(Beginning of SUPPLIED MATERIAL)

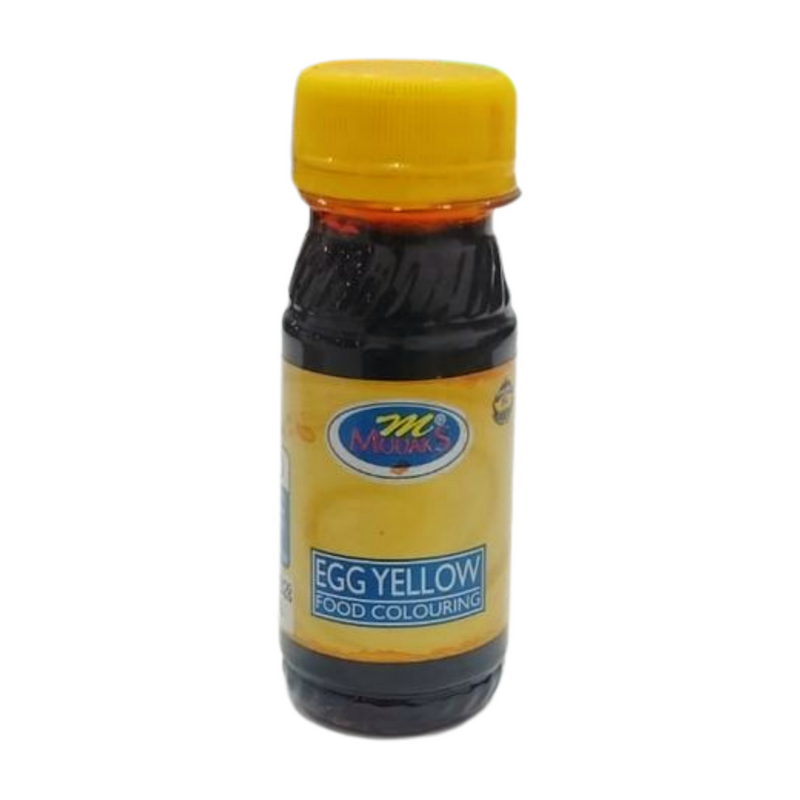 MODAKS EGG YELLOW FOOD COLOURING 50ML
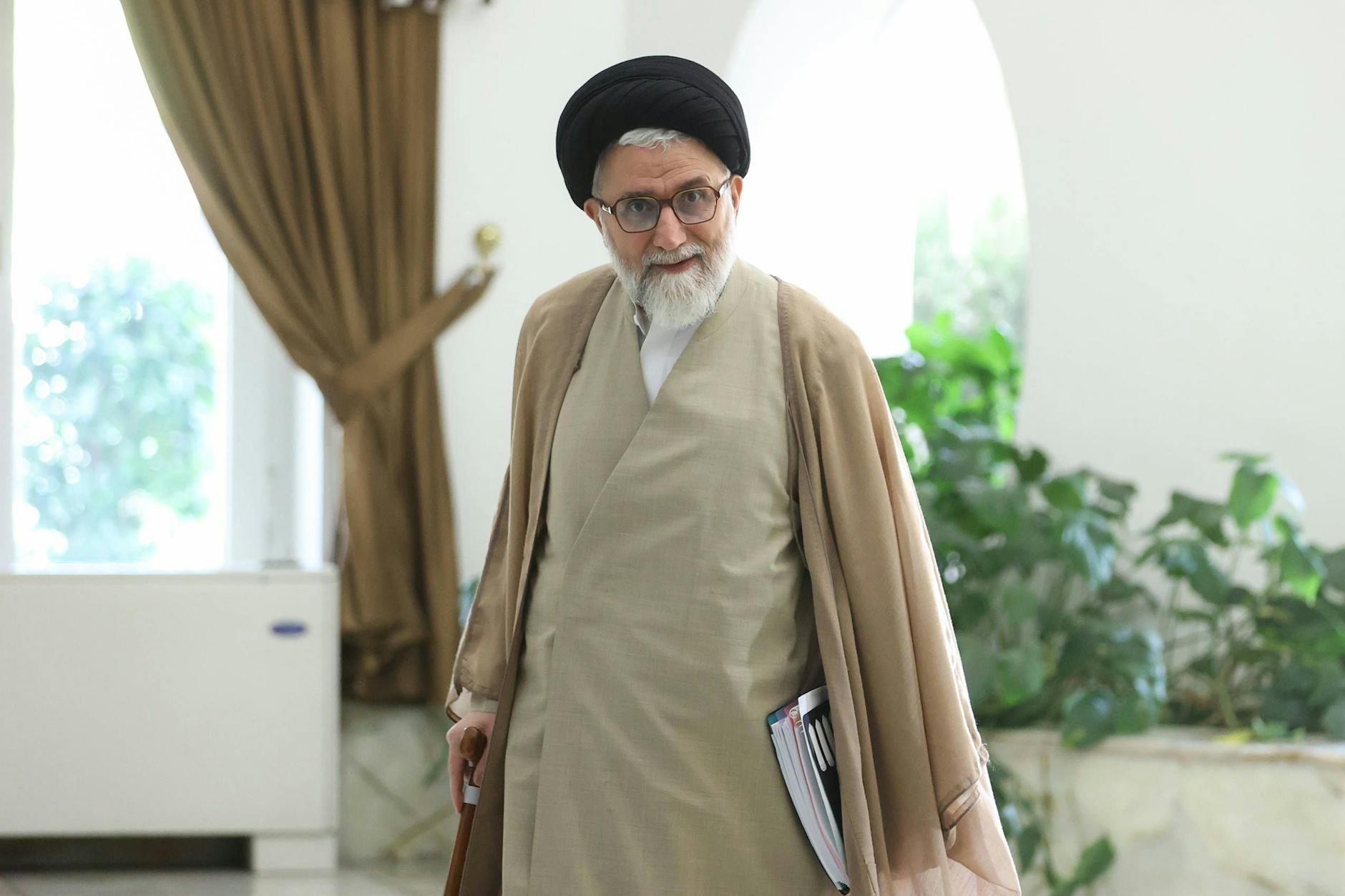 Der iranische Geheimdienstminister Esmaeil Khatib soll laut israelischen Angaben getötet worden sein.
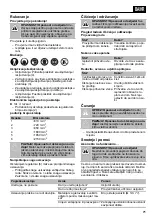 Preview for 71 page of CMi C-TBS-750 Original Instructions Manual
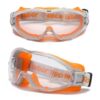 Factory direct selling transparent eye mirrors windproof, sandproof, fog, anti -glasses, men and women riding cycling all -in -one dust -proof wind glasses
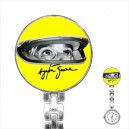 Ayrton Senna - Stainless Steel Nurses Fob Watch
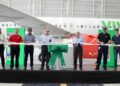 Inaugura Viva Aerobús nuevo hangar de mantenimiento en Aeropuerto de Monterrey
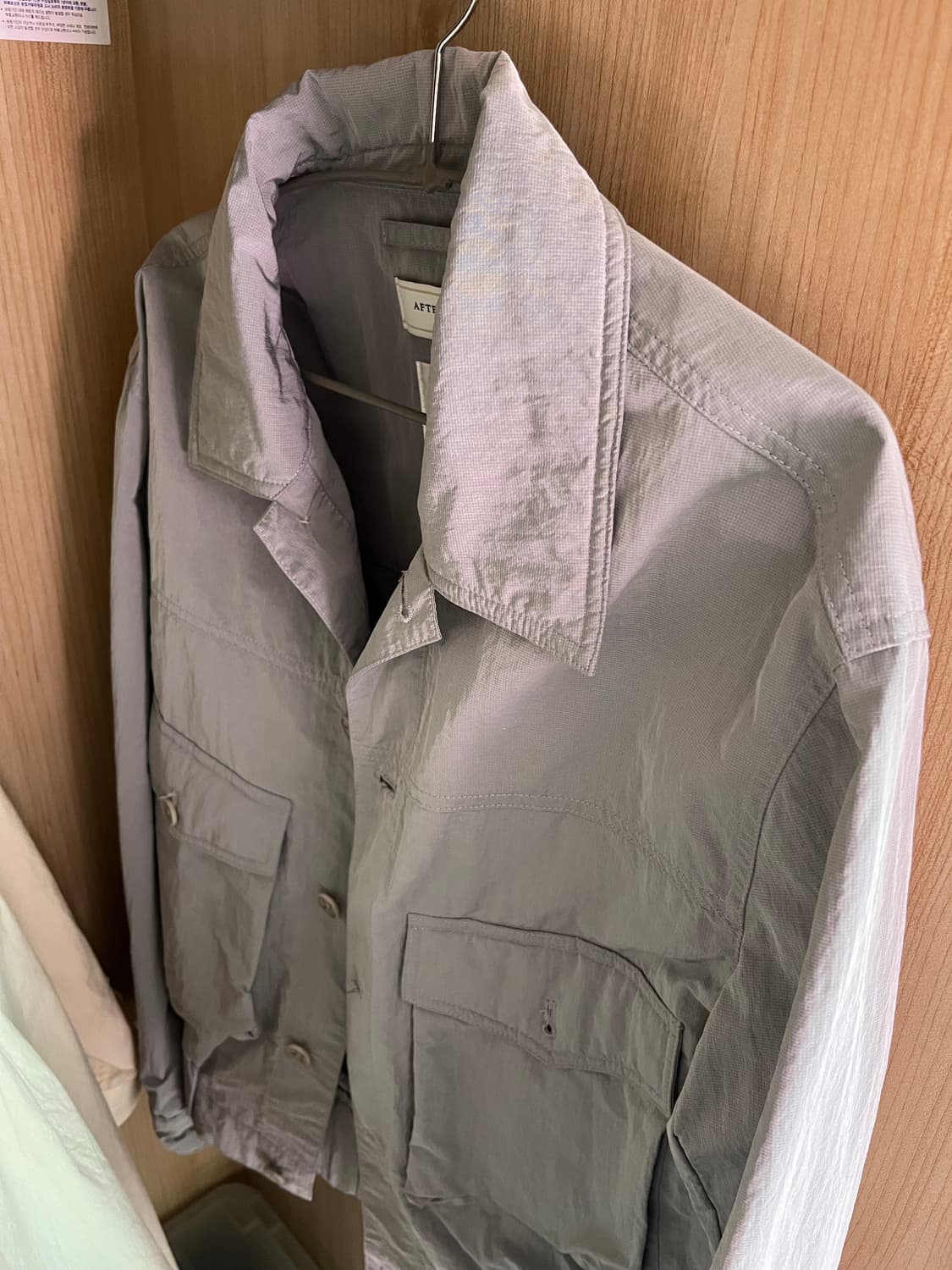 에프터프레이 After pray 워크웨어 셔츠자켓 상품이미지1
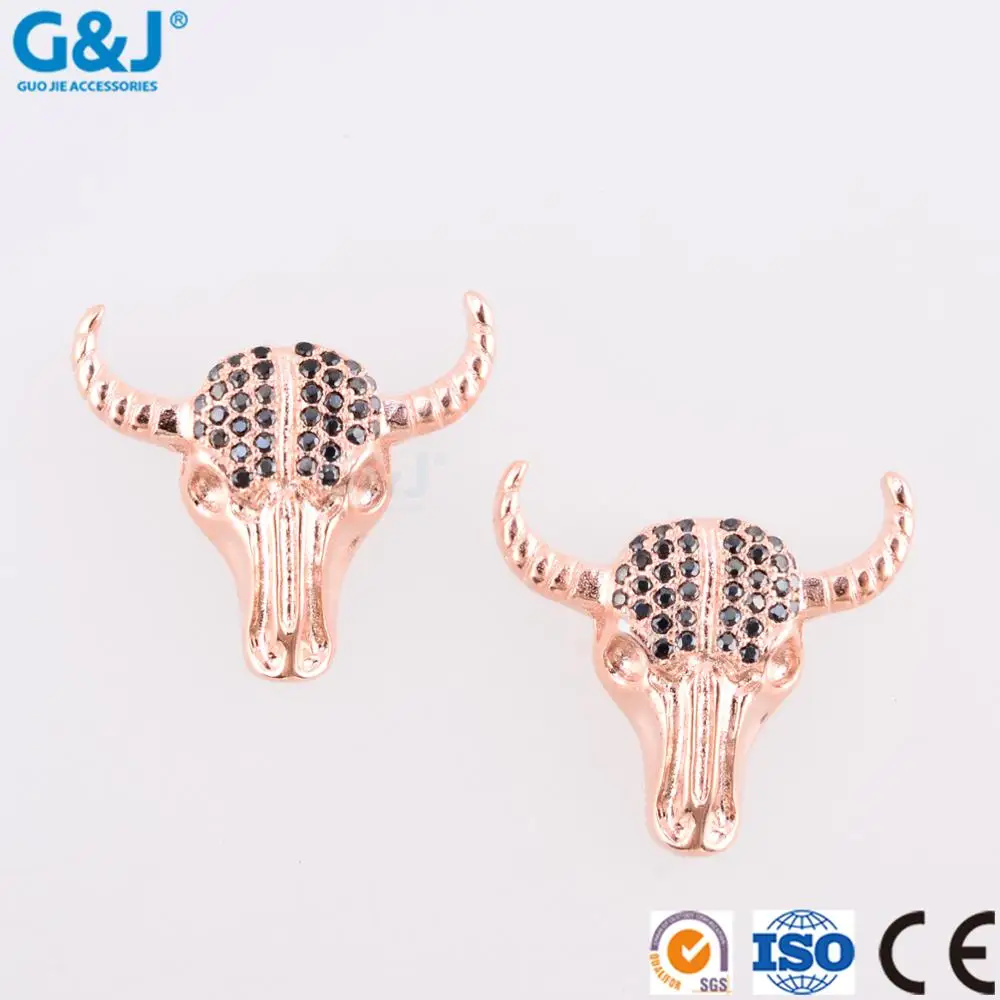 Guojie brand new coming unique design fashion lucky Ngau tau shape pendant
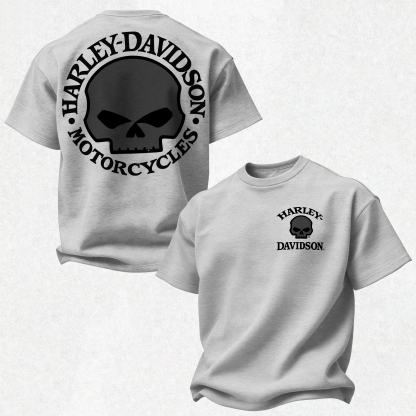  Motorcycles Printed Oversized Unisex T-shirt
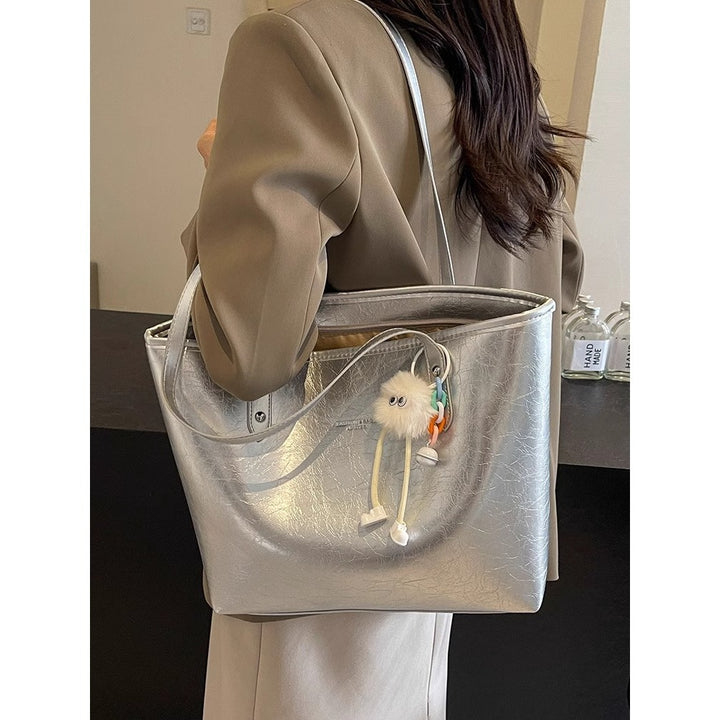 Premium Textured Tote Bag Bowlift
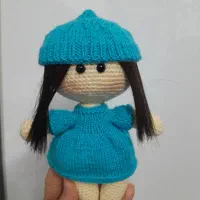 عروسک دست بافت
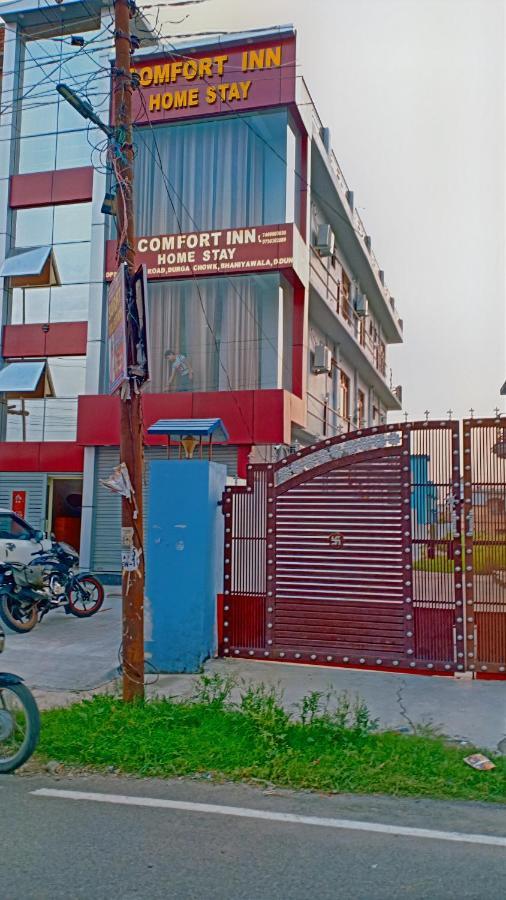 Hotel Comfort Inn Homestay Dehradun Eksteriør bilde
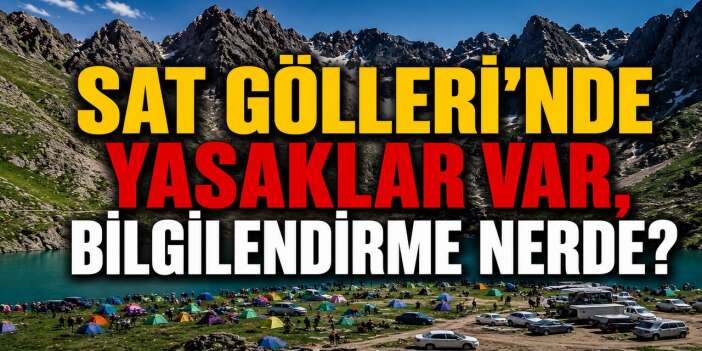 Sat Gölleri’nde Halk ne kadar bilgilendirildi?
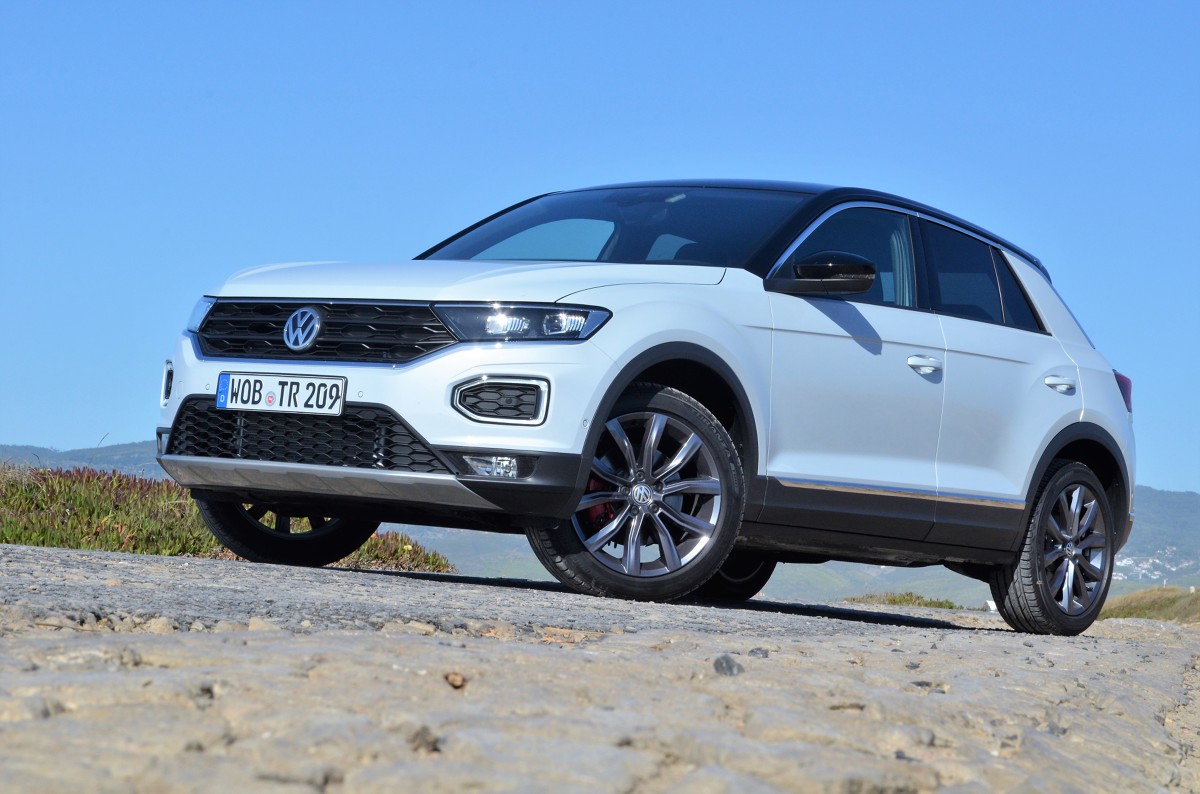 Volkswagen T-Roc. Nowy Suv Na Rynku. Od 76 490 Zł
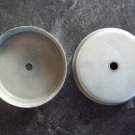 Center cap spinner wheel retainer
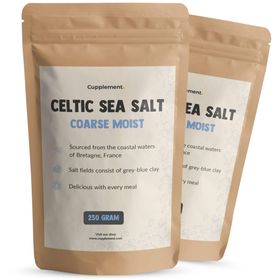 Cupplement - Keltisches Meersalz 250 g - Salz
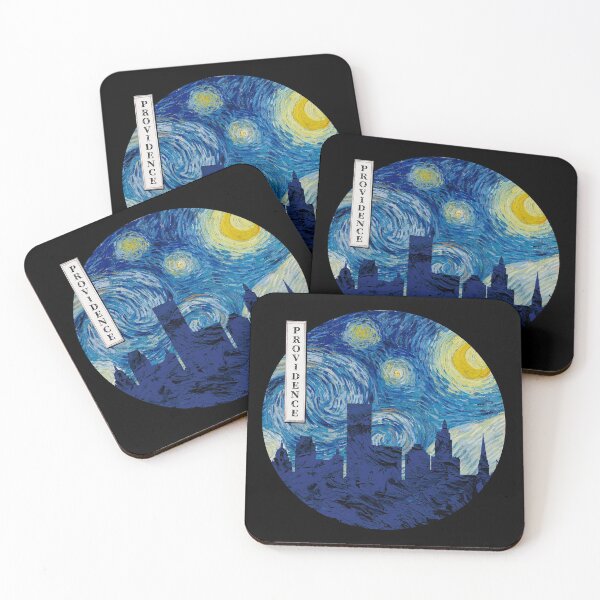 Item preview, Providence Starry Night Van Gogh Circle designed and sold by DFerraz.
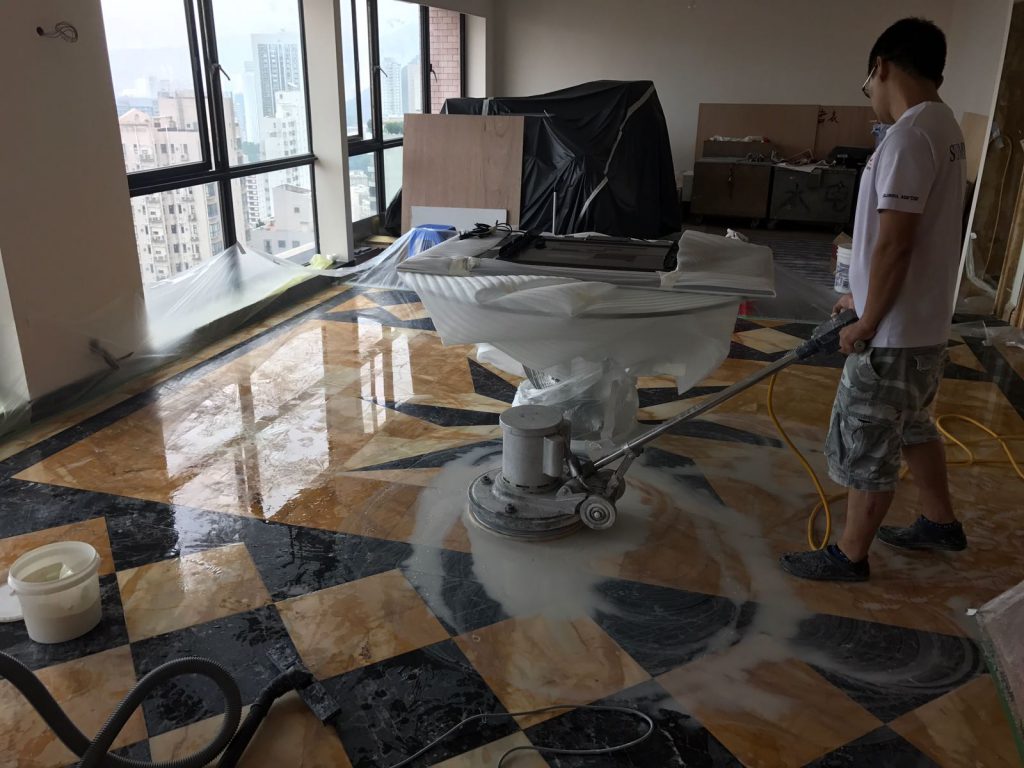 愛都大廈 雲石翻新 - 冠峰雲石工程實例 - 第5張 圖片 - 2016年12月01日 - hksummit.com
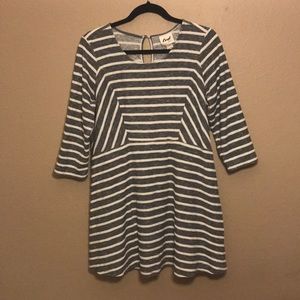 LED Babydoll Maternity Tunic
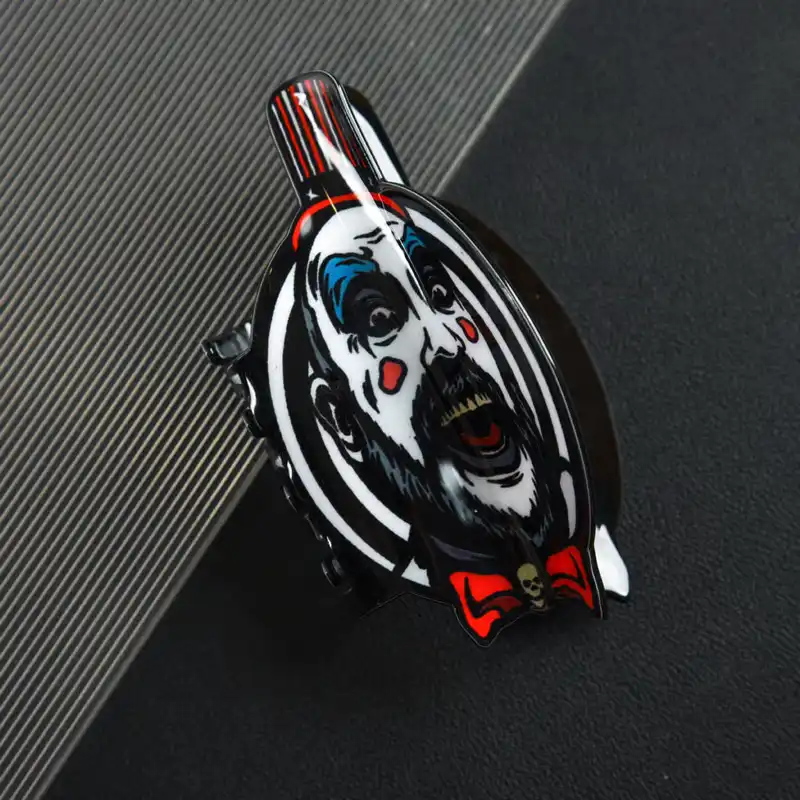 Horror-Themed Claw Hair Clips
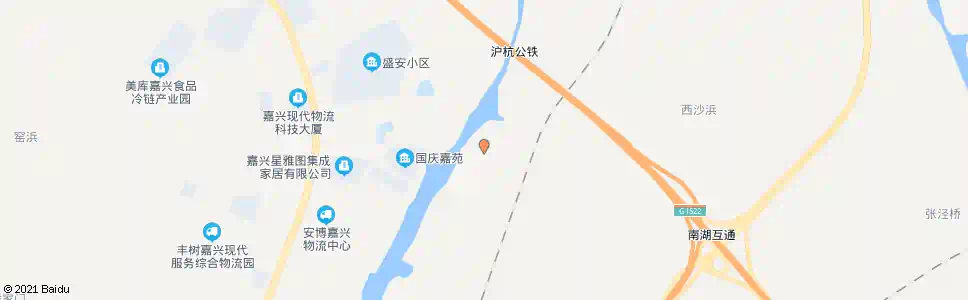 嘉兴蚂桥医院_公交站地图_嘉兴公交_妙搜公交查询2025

(End of SUPPLIED MATERIAL)

■ TASK DIRECTIONS:
Print the material above word for word, first line through the line with "Preview for 71", and leave every picture out.

■ WRITTEN RESPONSE:
 MODAKS EGG YELLOW FOOD COLOURING 50ML
 Der iranische Geheimdienstminister Esmaeil Khatib soll laut israelischen Angaben getötet worden sein.
 Preview for 71 page of CMi C-TBS-750 Original Instructions Manual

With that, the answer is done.